Grundstein dafür ist aber kein von „Passdeutschen“ getragenes Kulturleben, sondern eine Bildungspolitik, die Kunst als Kernanliegen betrachtet. Damit wäre der Spieß umgedreht, denn die Politik muss sich fragen lassen: Wieso ist ihr künstlerische Bildung so wenig wert? Wieso ist die Kunst, deren Vermittlung von so vielen Menschen unterschiedlichster Herkunft als Lebensaufgabe betrachtet wird, in unserer Bevölkerung so wenig relevant?

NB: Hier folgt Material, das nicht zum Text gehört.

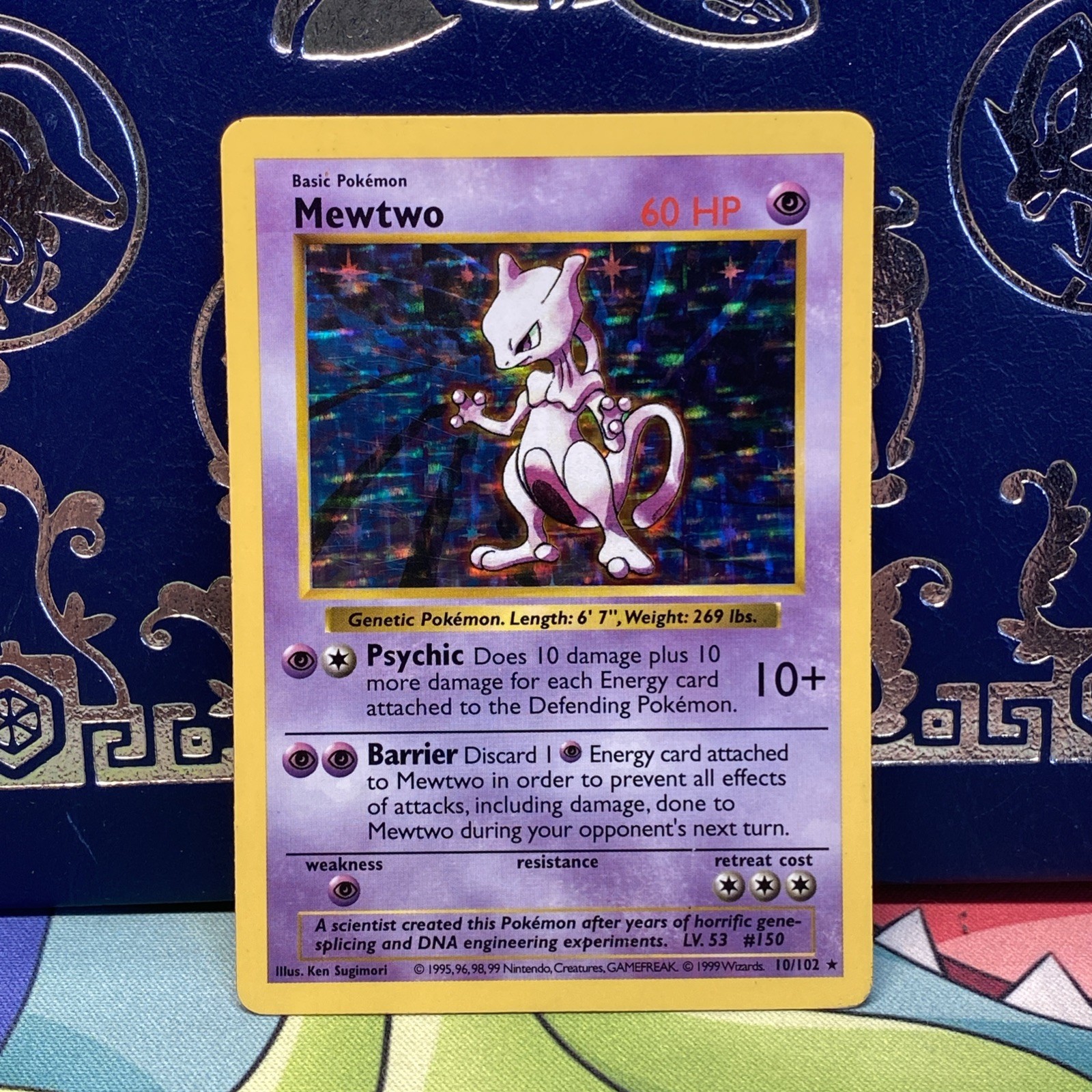 Mewtwo 1999 Pokemon Game #10 Shadowless Holo Price Guide - Sports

Zwar schiebt Rainer Balzer, der bildungspolitische Sprecher der AfD-Fraktion im Stuttgarter Landtag, die Situation der deutschen Nachwuchskünstler als Grund für die Anfrage nach, aber dies ist offensichtlich ein Feigenblatt: Dieses tatsächlich wichtige Thema kann problemlos sachlich angemessen diskutiert werden; es liegen dazu auch aussagekräftige Angaben vor. Bedenkt man, wie leicht sich die Anfrage konstruktiv ummünzen ließe, erstaunt die unsouveräne Reaktion der Kulturmacher, die sich größtenteils auf einen Empörungsreflex zurückziehen. Wohltuende Ausnahme: Das Mainzer Theater nutzt die Angelegenheit, um nonchalant auf seiner Facebookpräsenz die Vorstellung internationaler Ensemblemitglieder vorzunehmen.

Die Chance zur Selbstkritik verpasst

Generell aber versäumt man es, die Diskussion auf die Sachebene zu verlegen, wo man der AfD keine Fläche für populistische Profilierung böte, aber konkrete politische Arbeit einfordern könnte. Überdies lässt man sich damit auch die Chance zu kritischer Selbstreflektion entgehen: Ja, es ist einfach, sich angesichts einer solchen Vorlage mit der eigenen Weltoffenheit zu brüsten. Doch der Theaterbetrieb ist keinesfalls ein diskriminierungsfreier Raum. Insbesondere asiatische und farbige Künstler können davon mitunter ein Lied singen, im wahrsten Sinne des Wortes. Es täte gut, hier um der eigenen Authentizität willen innezuhalten und zu überprüfen, ob man das, wofür man einstehen will, auch einlöst.